Antes mesmos dos seus respectivos grupos serem caricatamente apelidados de “Bole-Bole” e “Saramandaia”, as duas famílias tradicionais já se confrontavam pelo domínio da política local, tendo como marco temporal a eleição de 1962, quando Ribeirinho foi eleito prefeito de Lagarto.   Fortuitamente, quando não estão diretamente concorrendo ao cargo do executivo municipal, ou seja, com os seus próprios membros na disputa, estão apoiando outras figuras políticas locais: correligionários, aliados e amigos, principalmente integrantes de ramificações familiares congêneres de menor cabedal político; a exemplo das conjunturas em que Zezé Rocha (1989-1992 e 2002-2009, pelo PFL e PTB) e Lila Fraga (2013-2017, pelo PSDB), esteve no poder apoiados pelos Reis, ou quando o ex-deputado estadual, Valmir Monteiro, ocupou a cadeira de prefeito (2009-2013 e 2017-2019, pelo PSC), apoiado pelos Ribeiros.

Prefeitura de Lagarto.

O entendimento é de que a polarização entre os principais grupos políticos tradicionais, historicamente, impossibilita a ascensão de outras figuras políticas que, desprovidas da musculatura político-econômico que os Reis e os Ribeiros usufruem há décadas, não chegam a alcançar projeções significativas nas eleições municipais, obtendo números muito desproporcionais daqueles obtidos pelos membros ou representantes das duas famílias tradicionais. Certifica-se deste modo, a lógica da política passada de pai para filho, do filho para o neto, e assim, por gerações.  O feito de uma pessoa de fora deste círculo, eleger-se sem o esteio das famílias Reis e Ribeiro, apresenta-se como algo quimérico à população de Lagarto, algo não testemunhado há décadas. Nas eleições deste ano, nada diferente do que já se naturalizou, pela família Reis, o pré-candidato é Sérgio Reis (PSD), filho do ex-prefeito Jerônimo Reis e irmão do deputado federal Fábio Reis (PSD), e pela Família Ribeiro, a postulante situacionista, Rafaela Ribeiro, sobrinha do deputado federal Gustinho Ribeiro (REPUBLICANOS), e neta da deputada estadual, Áurea Ribeiro (REPUBLICANOS), candidata (pré)lançada pela atual prefeita, Hilda Ribeiro (SD), como sua possível sucessora.   
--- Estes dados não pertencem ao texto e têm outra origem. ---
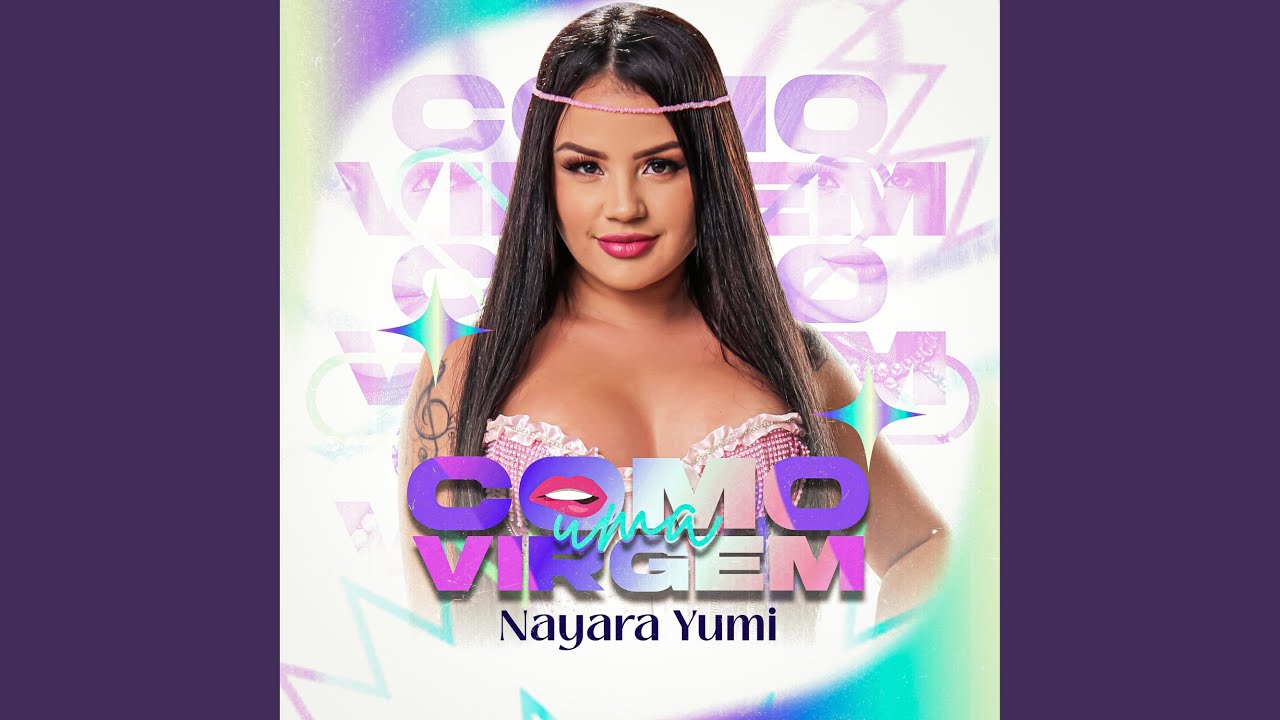 Como uma Virgem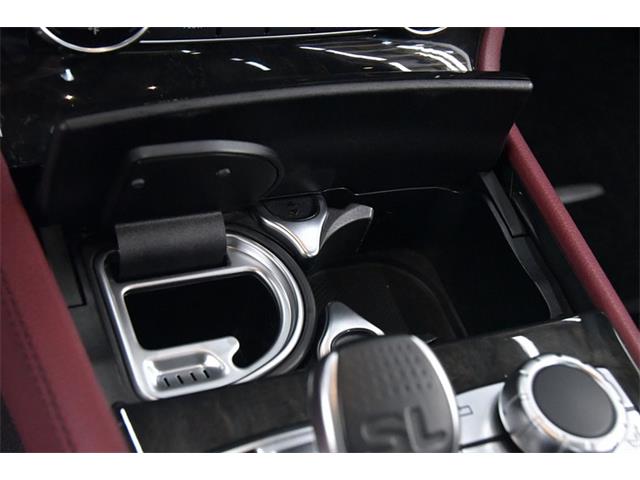 2019 Mercedes-Benz SL550 (CC-2079366) for sale in Volo, Illinois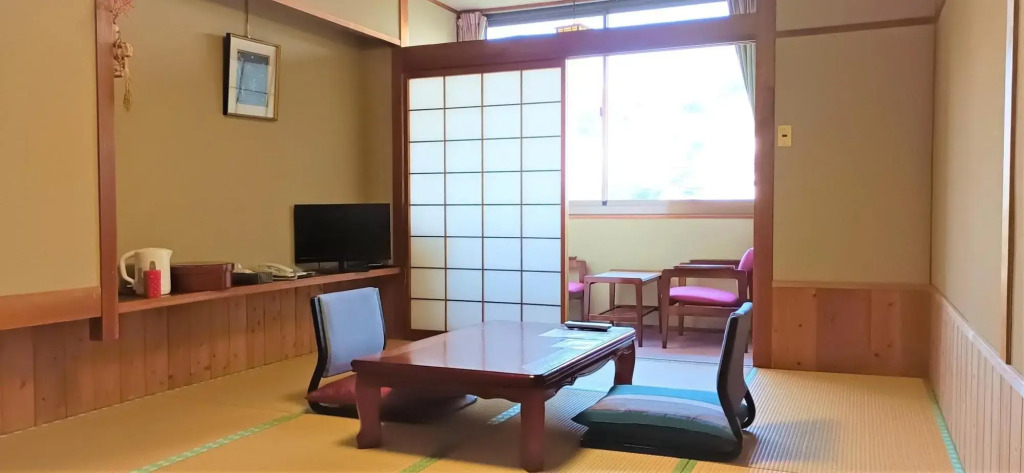 Iwatokan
Fazer oposição a estas duas famílias vindo do nada, sem poder econômico e tradição política, é um grande desafio, fato que desencoraja outras candidaturas. O que significa que, atuar no campo do dissenso contra a nata da política municipal lagartense, isto é, contra aqueles que controlam (além de outros segmentos socioeconômicos) o aparelho público que detém boa parte dos empregos do município, aparenta-se como um trabalho de oposição inglório.

Perante o exposto, dada a hegemonia, o domínio e a influência político-econômica de famílias tradicionais, chama-se atenção para a supressão da pluralidade de atuação e de representação de outras famílias, grupos, classes, segmentos e atores sociais que ficam à mercê do modelo de representação político-partidária arcaico, arbitrário e excludente.


Portanto, o “continuísmo” de famílias tradicionais no poder municipal é um fenômeno multifacetado, sustentado por uma combinação de fatores históricos, econômicos, sociais e culturais. Entender essas dinâmicas é crucial para a análise política e para a formulação de estratégias que promovam a democratização, renovação e pluralização da política local, estadual e nacional, ou seja, em sua totalidade.